Encomiabile l’impegno dei Ferragnez che, oltre ad intrattenere il vicinato in quarantena e i social a suon di musica, in poche ore hanno usato il potere di influencer per una raccolta fondi con GoFundMe che ha ampiamente superato i 4 milioni di euro, per finanziare il nuovo reparto dell’Ospedale San Raffaele.
La prima clamorosa donazione da 1,250 milioni, a poco tempo dalla dichiarazione dell’emergenza, è stata di Giorgio Armani, destinati ai 4 ospedali italiani in prima linea nella lotta contro al virus.

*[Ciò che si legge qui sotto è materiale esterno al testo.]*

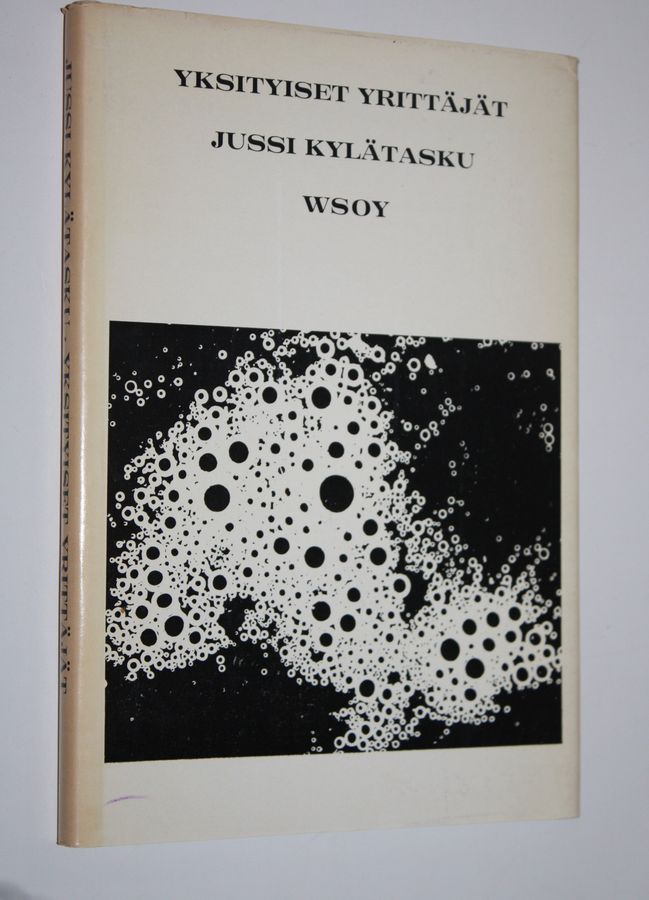 Jussi Kylätasku : Yksityiset yrittäjät ja muita runoja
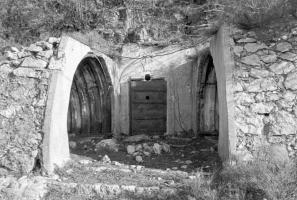 Ligne Maginot - PIERRE POINTUE - (Ouvrage d'infanterie) - Bloc 2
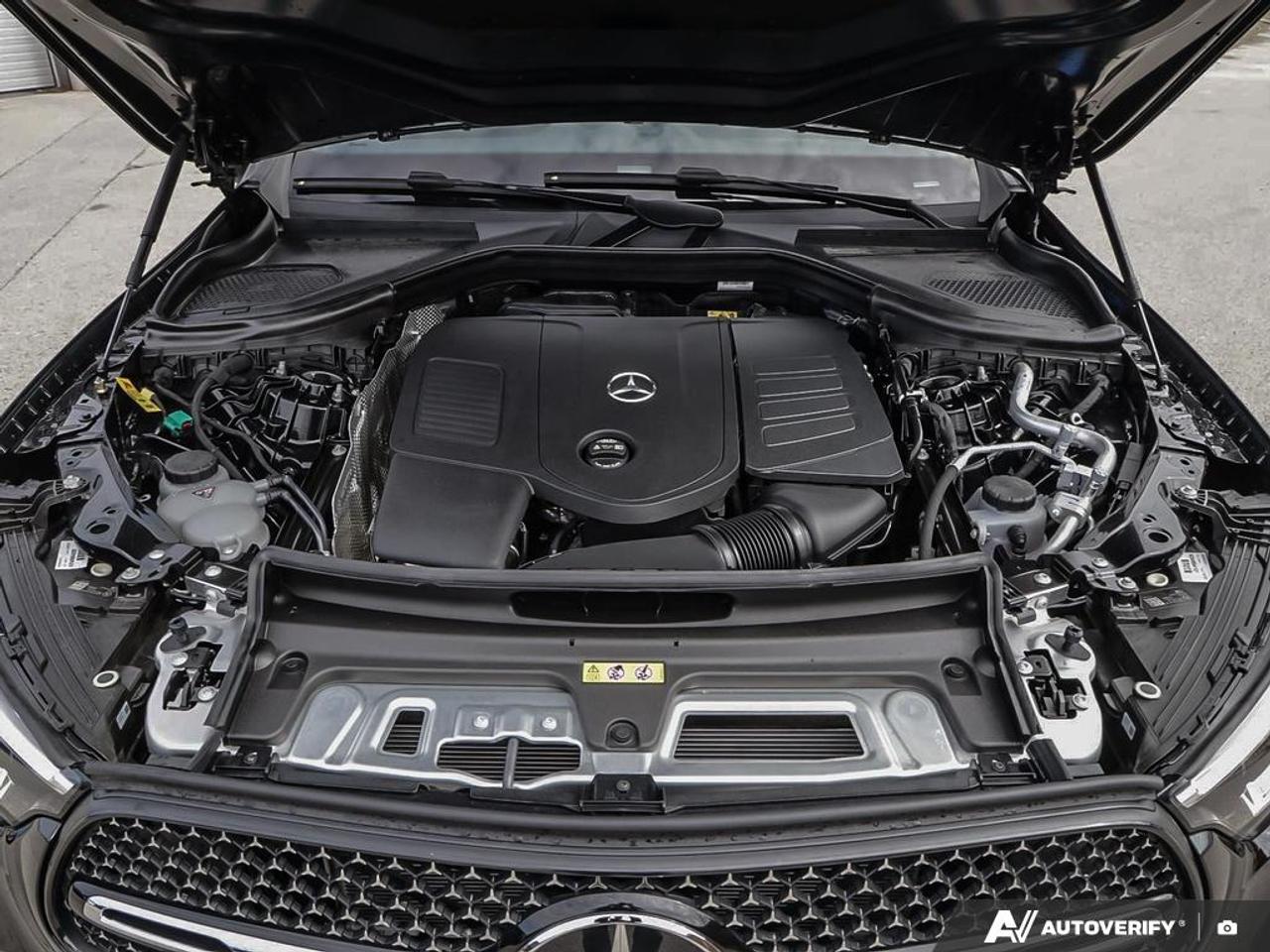 2026 Mercedes-Benz GLC 350e Base GLC 350e 4dr All-Wheel Drive 4MATIC Photo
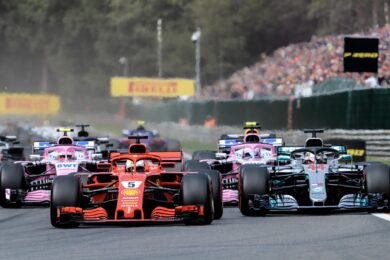 F1 kicks back into life with one-month countdown to 2020 season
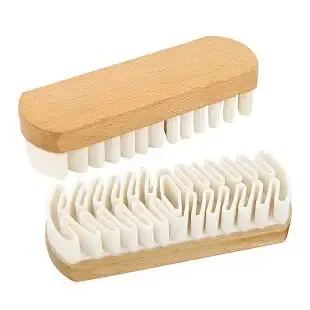 Suede Brush — product photo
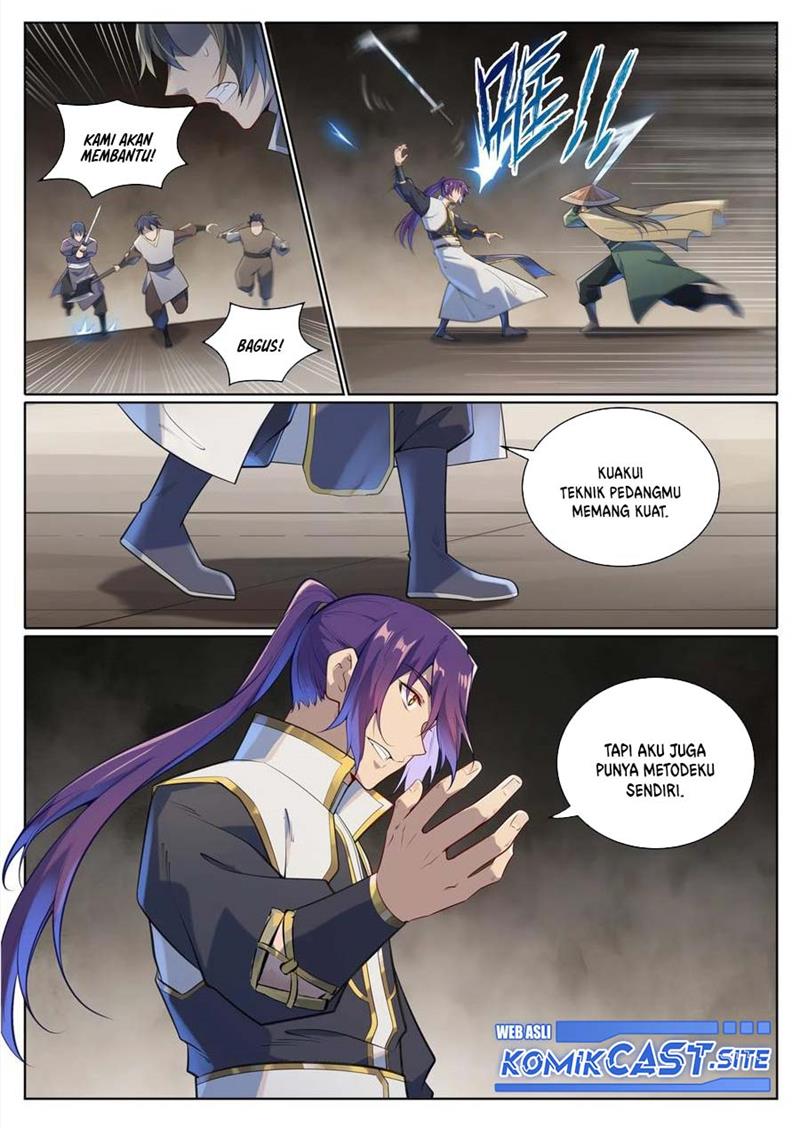Read Apotheosis ID Manga Online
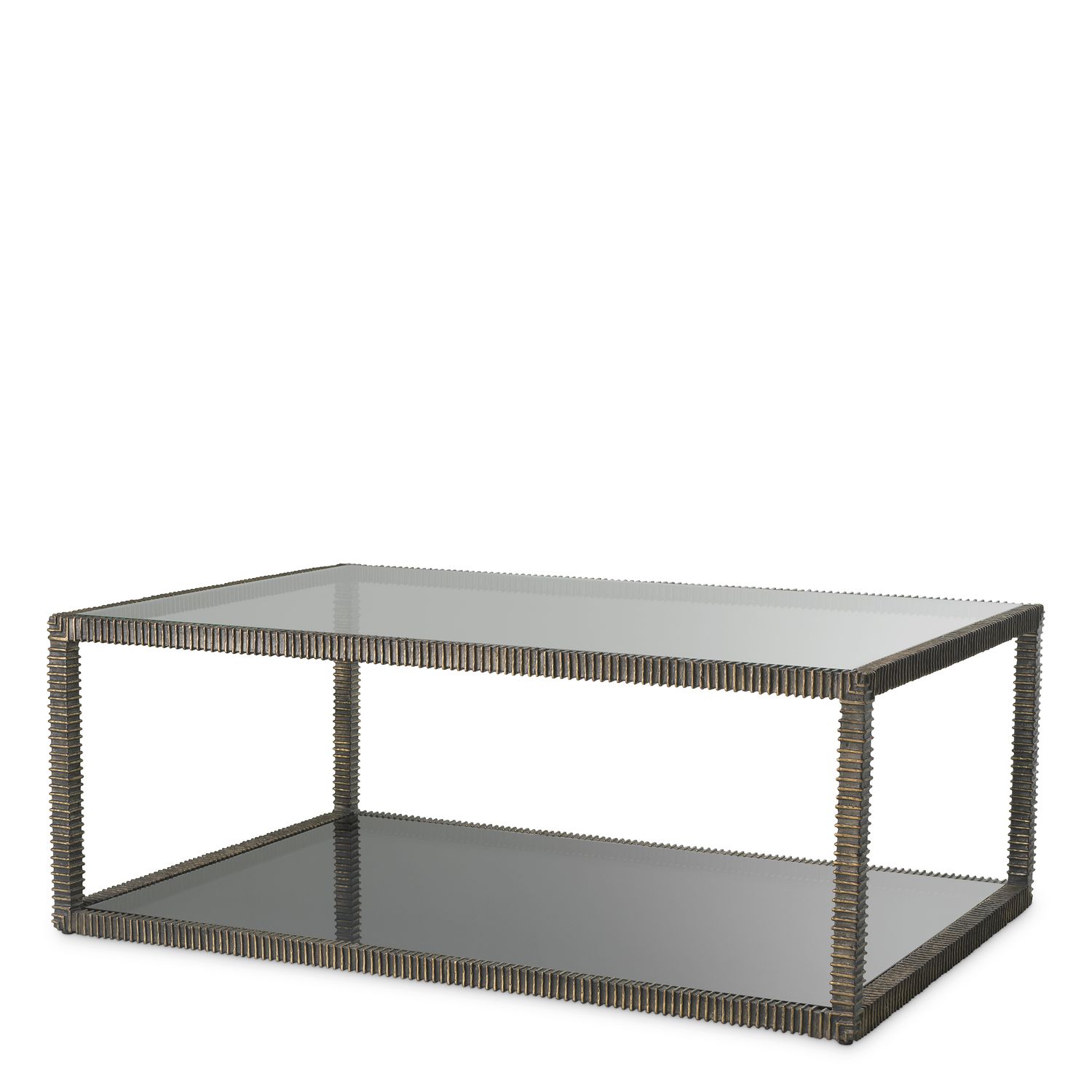 Coffee Table Bethesda bronze highlight finish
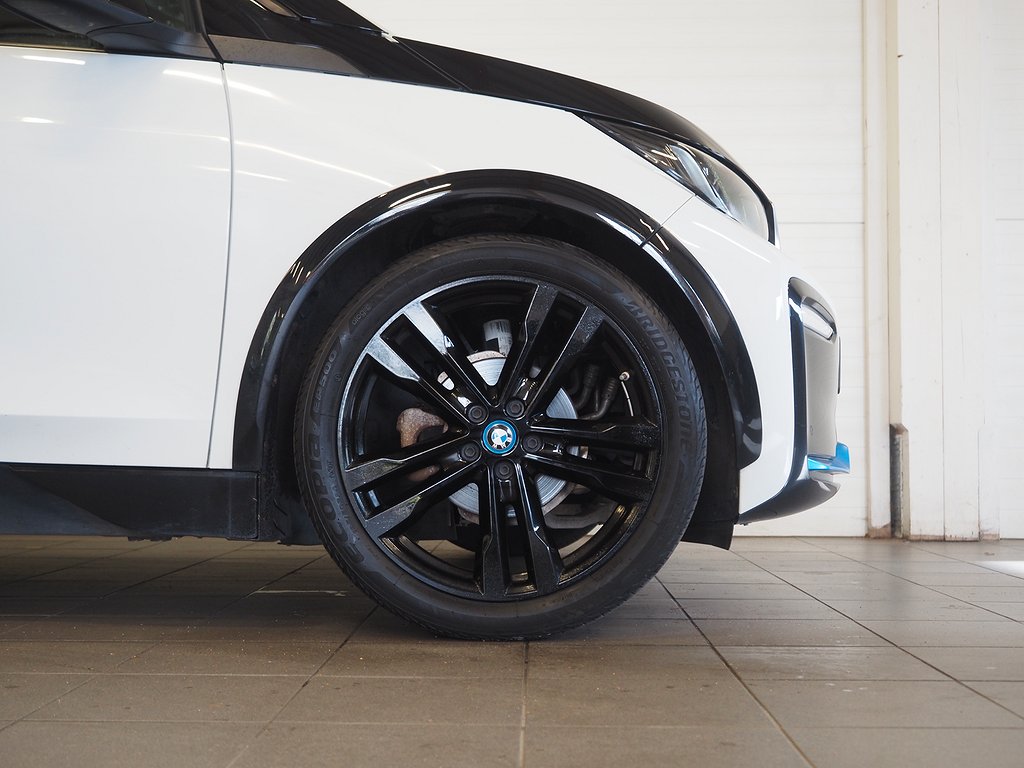 BMW i3 s 120 Ah Comfort Advanced | Navi | Backkamera | 2019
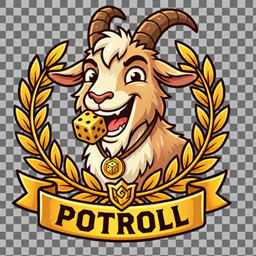 Potroll Ziegen Edition logo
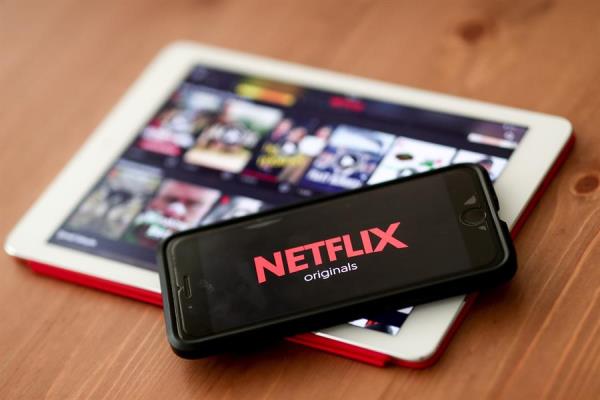Netflix gana US$1.706 millones hasta marzo, pero baja el ritmo de suscripciones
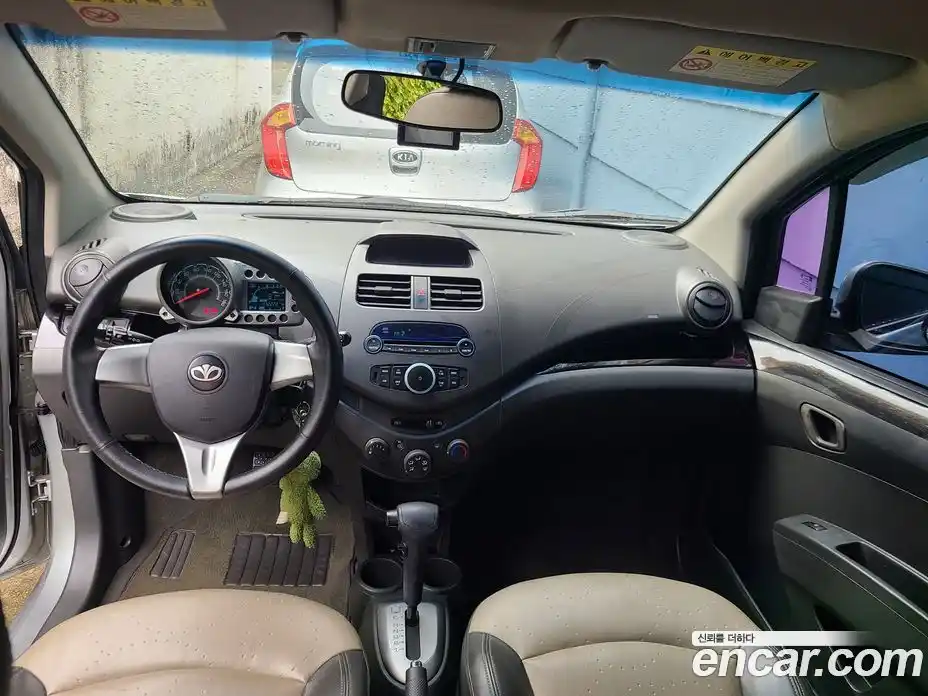Chevrolet Matiz 2011 1.0 автомат (гидро), фото 7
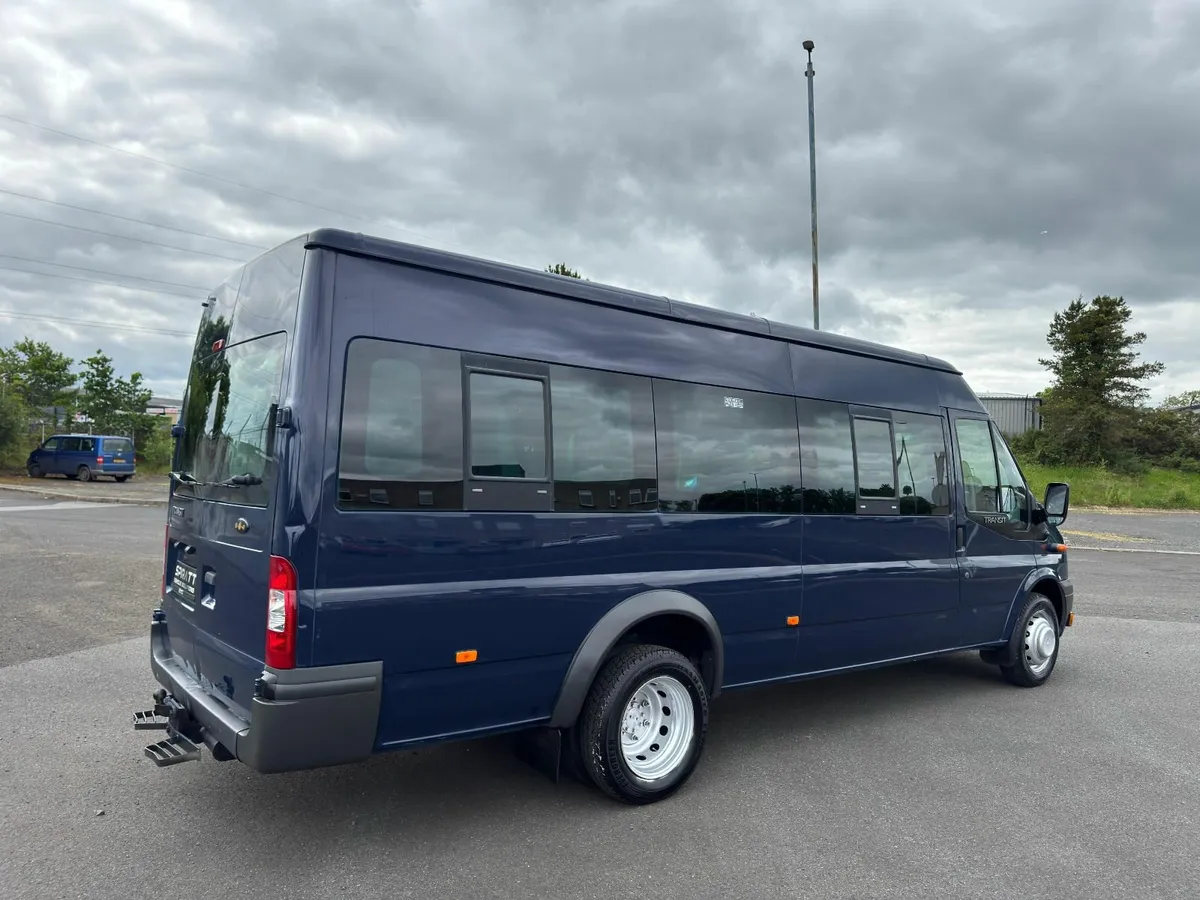 2012 Ford Transit Minibus 17 Seater - Image 3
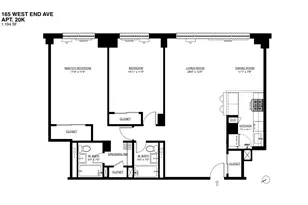 165 West End Ave, New York, NY 10023 - Photo 9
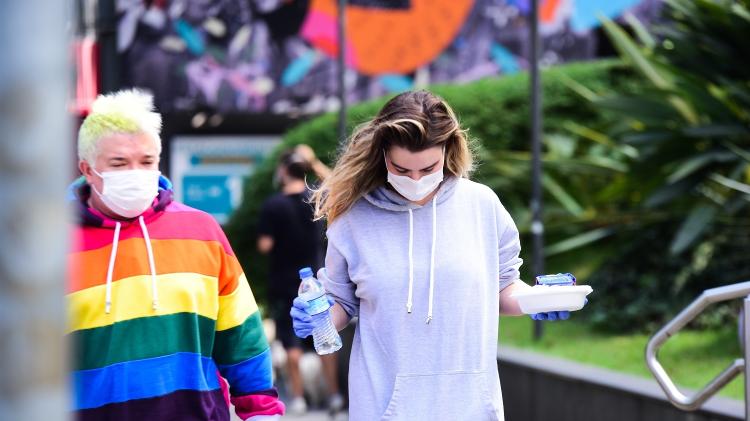 Fernanda Keulla - Leo Franco / AgNews - Leo Franco / AgNews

2 milioni destinati a realtà e organizzazioni sanitarie localizzate in Lombardia, Veneto, Toscana e Lazio arrivano da François-Henri Pinault, al timone del gruppo Kering (Gucci, Yves Saint Laurent, Balenciaga, Alexander McQueen…).
Altri 3 milioni arrivano dai Benetton e sono destinati a 4 realtà ospedaliere.
200mila euro destinati sempre al dipartimento di terapia intensiva dell’ospedale San Raffaele di Milano arrivano anche da Donatella Versace e sua figlia Allegra.

Disinfettanti al posto di profumi

Ben prima che Macron dichiarasse lo stato d’emergenza, il colosso del lusso LVMH, che fa capo a Bernard Arnault, ha annunciato una riconversione delle fabbriche. Invece delle nuove fragranze dei marchi Christian Dior, Guerlain e Givenchy, i suoi laboratori di profumi producono gel igienizzante da distribuire gratuitamente agli ospedali francesi.